Scraped caption text data
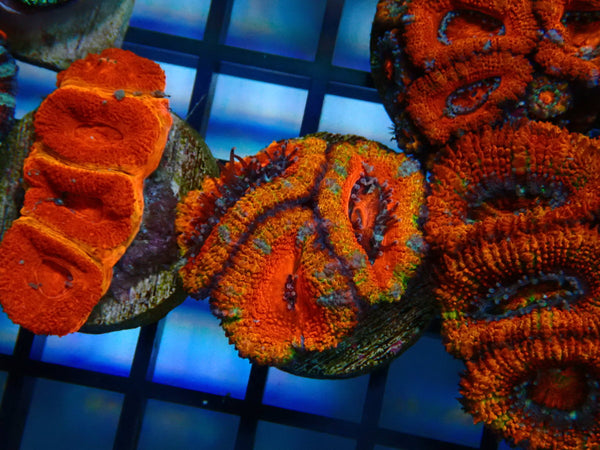 Monsoon Aquatics Acan Frag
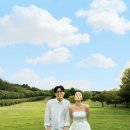 더맨헤어 - 동작구 | [로에나x위에이블] 나정작가님과 함께한 제주도 웨딩 스냅 리얼 후기(숲-들판-바다 장소 추천!)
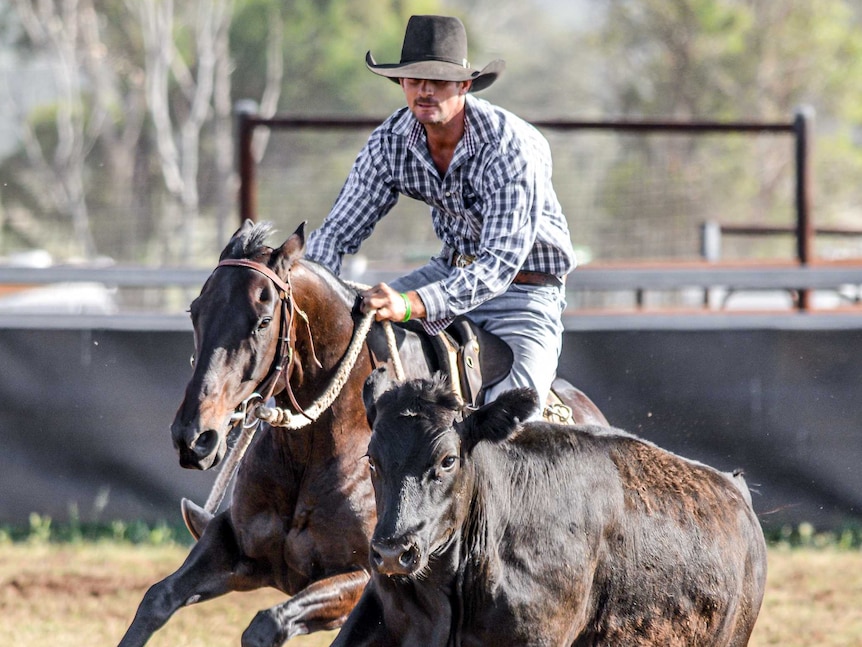 Coolah campdraft Will Durkin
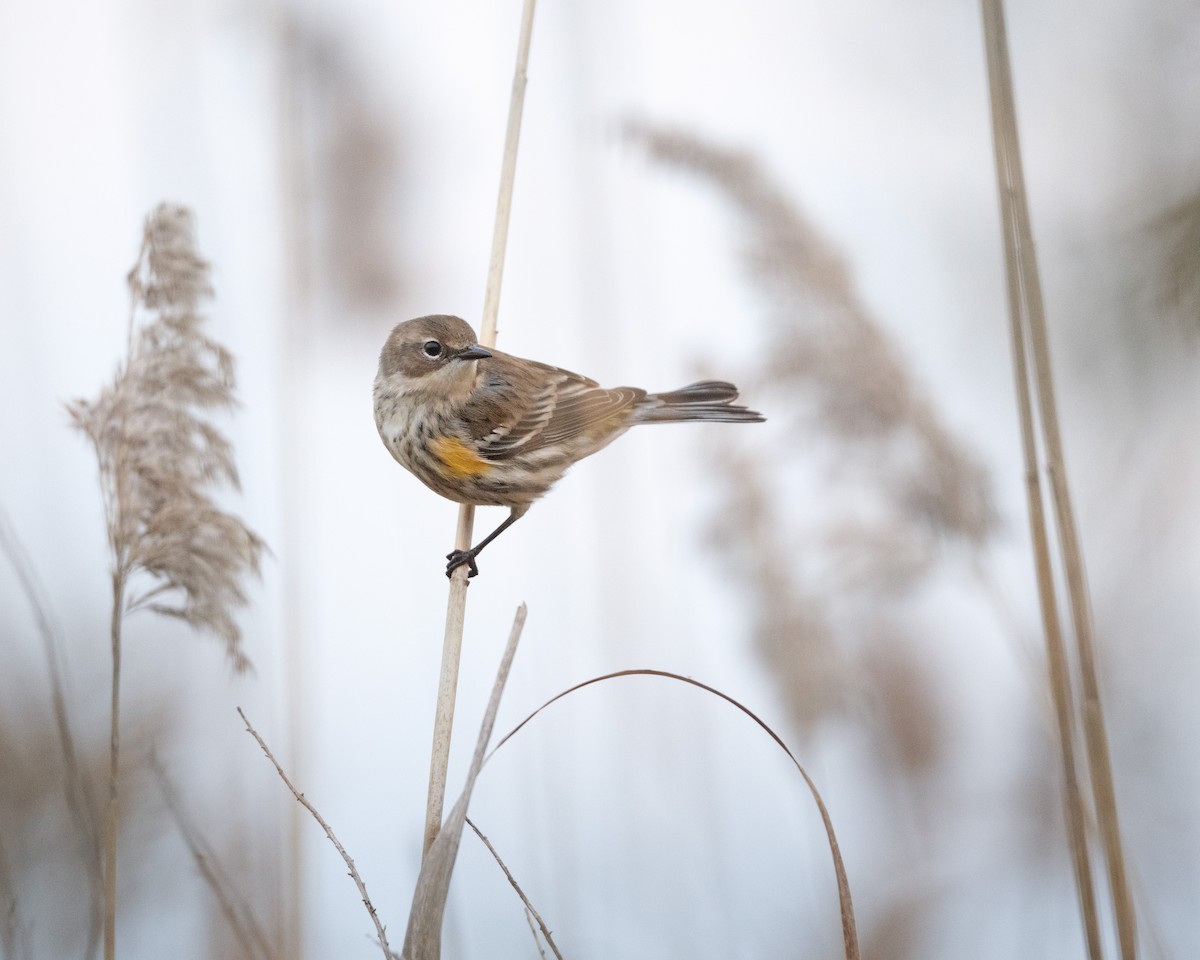 Yellow-rumped Warbler - Shayna Marchese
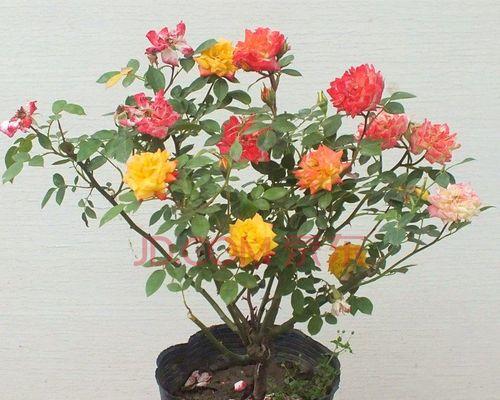 甜梦之谜：藤本还是灌木？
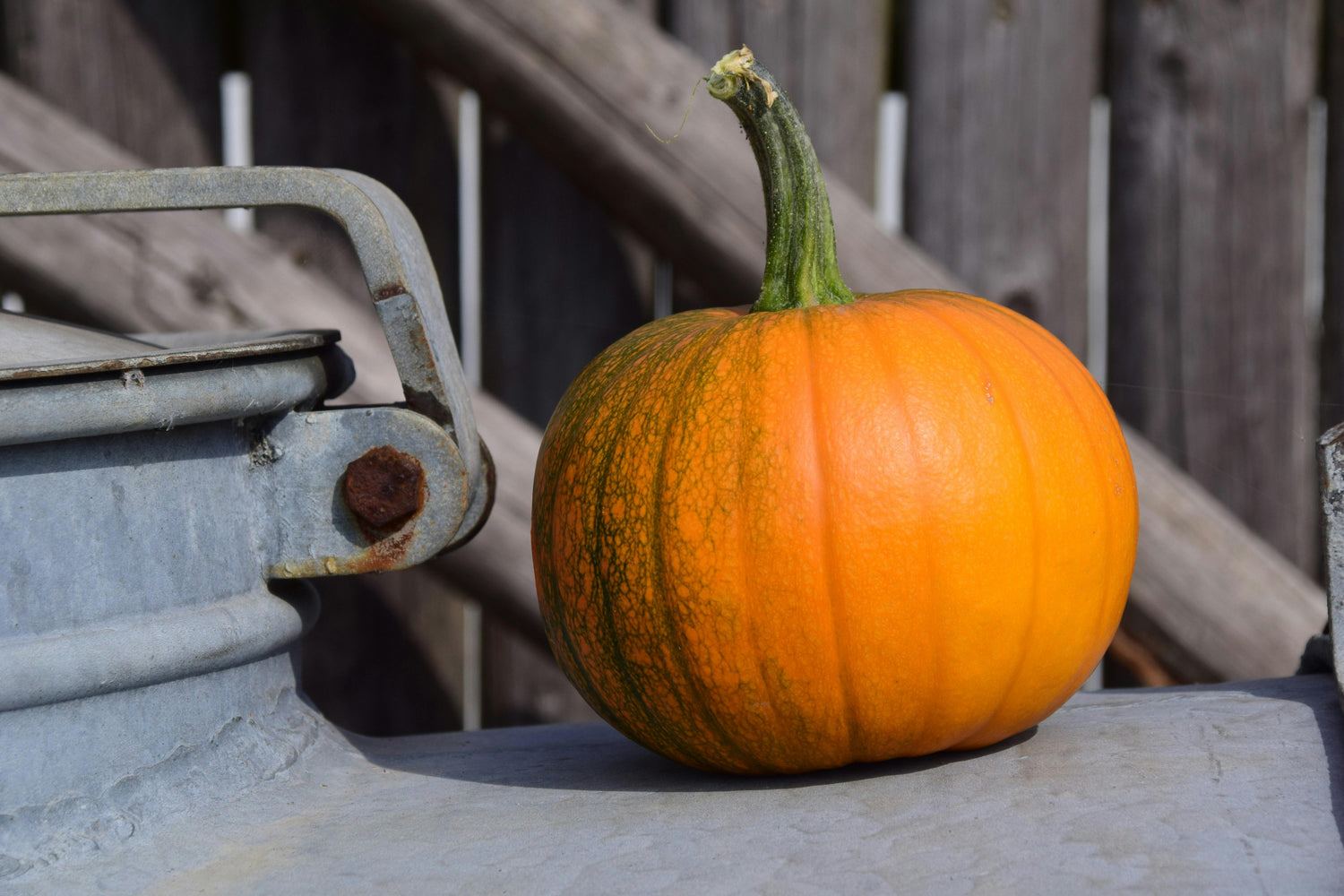 Pumpkin Seeds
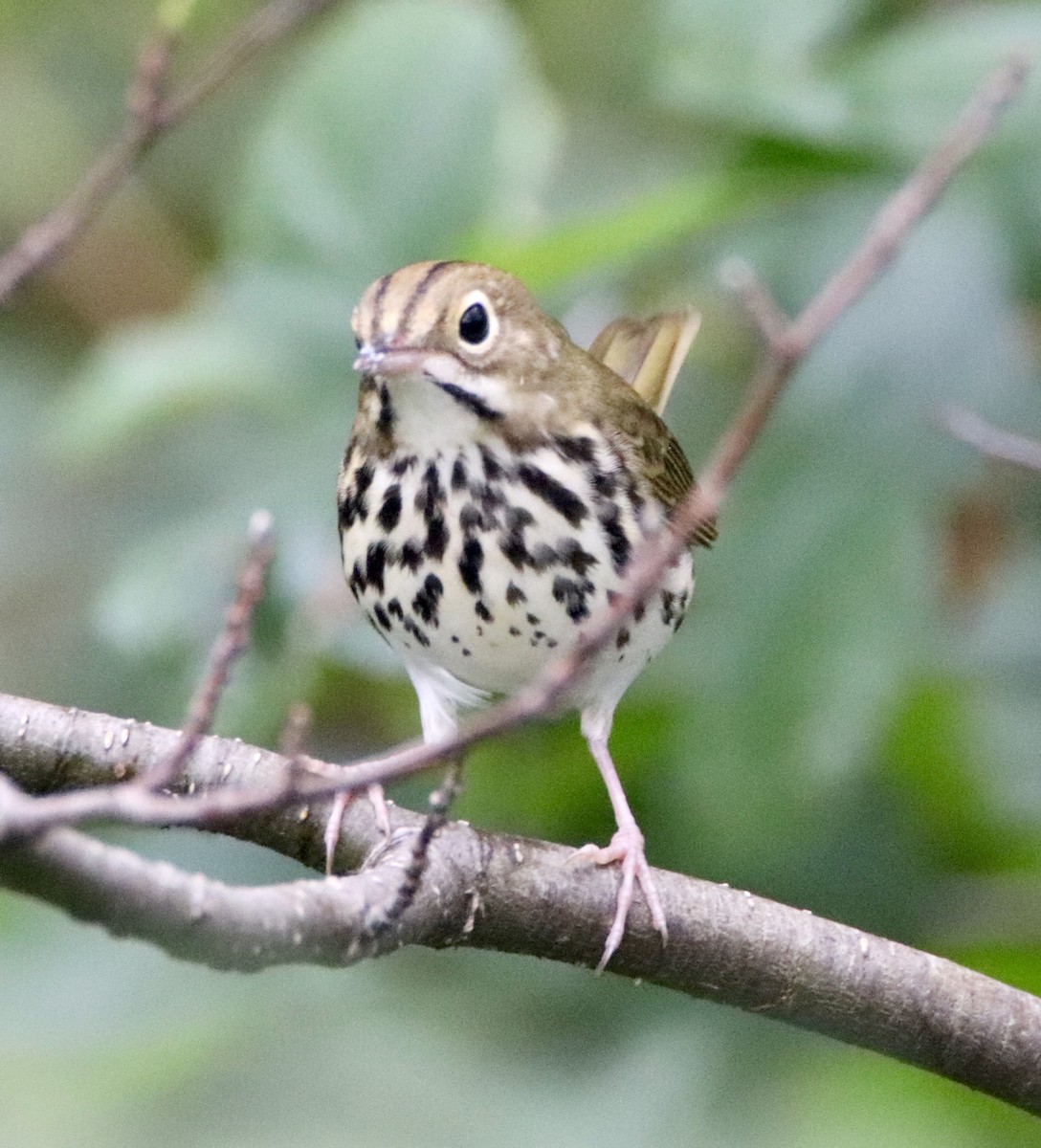 Ovenbird - ML173169181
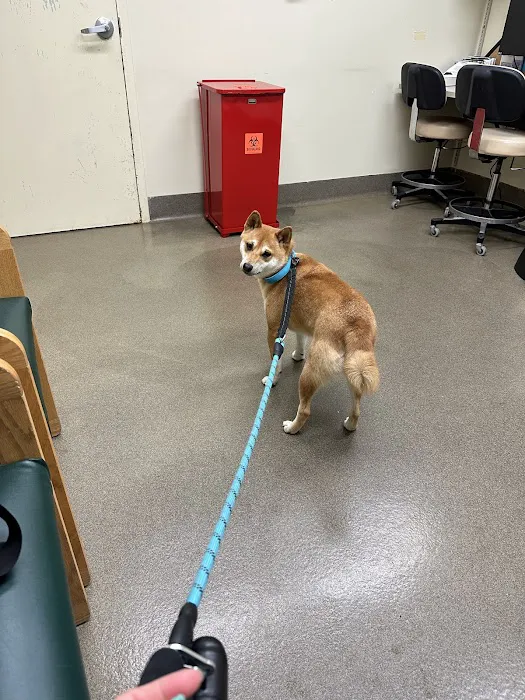 Fort Sam Houston Veterinary Clinic Picture 8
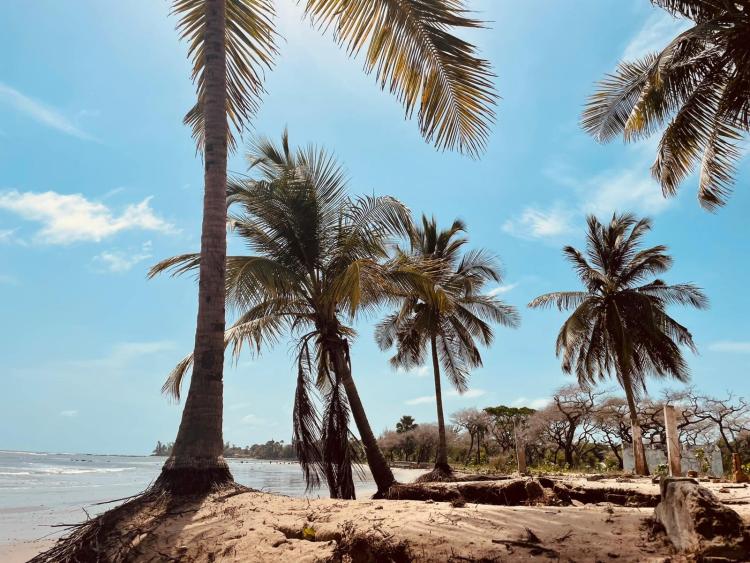 Singlereis HBO+ Winterzon in Gambia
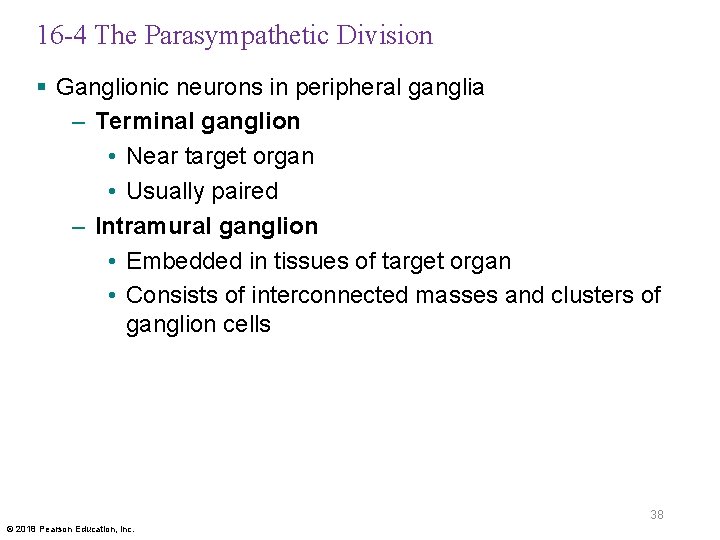 16 -4 The Parasympathetic Division § Ganglionic neurons in peripheral ganglia – Terminal ganglion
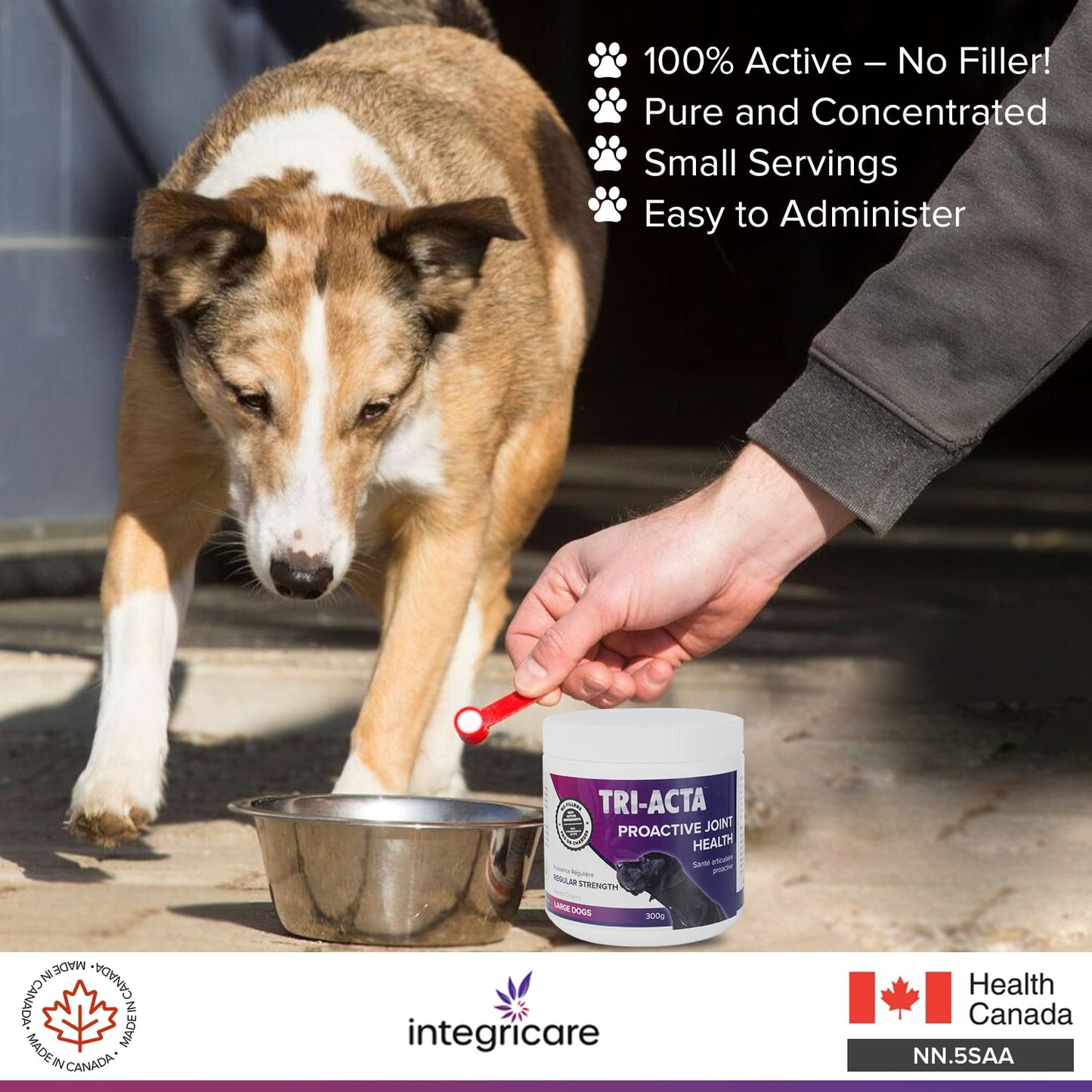 Tri-Acta Regular Strength Joint Health Supplement for Large Dogs, 300-gram (Size: 300-gram)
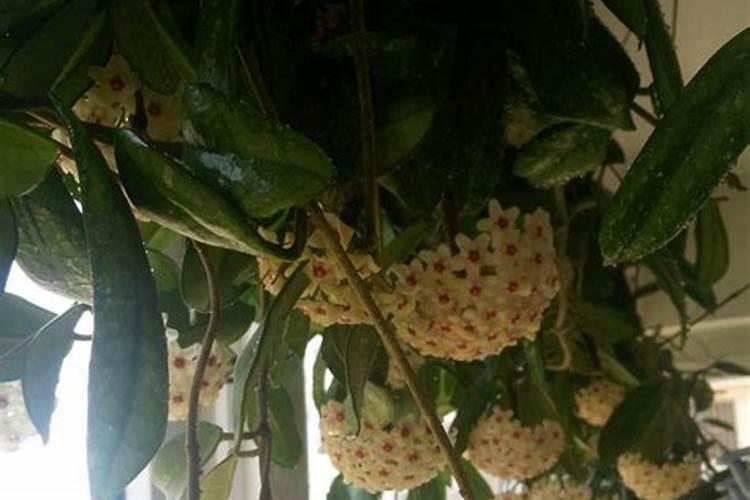 在夏天,给蔬菜浇水是早上这个时段好还是晚上好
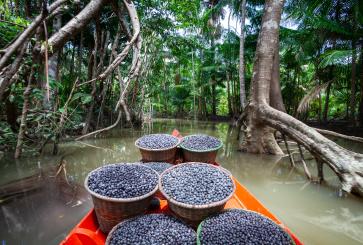 transporte de açaí em igarapé na amazônia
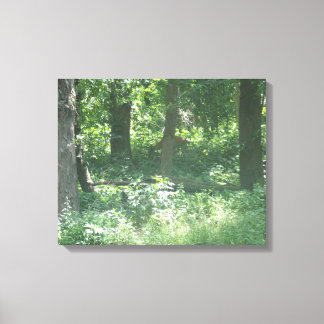 Toile Cerf blanc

Work to complete =
Copy only what runs above from the line containing "Pumpkin Seeds" through the line containing "16 -4 The Parasympathetic", exactly. Leave out the pictures.

Task answer =
 Pumpkin Seeds
 Ovenbird - ML173169181
 Fort Sam Houston Veterinary Clinic Picture 8
 Singlereis HBO+ Winterzon in Gambia
 16 -4 The Parasympathetic Division § Ganglionic neurons in peripheral ganglia – Terminal ganglion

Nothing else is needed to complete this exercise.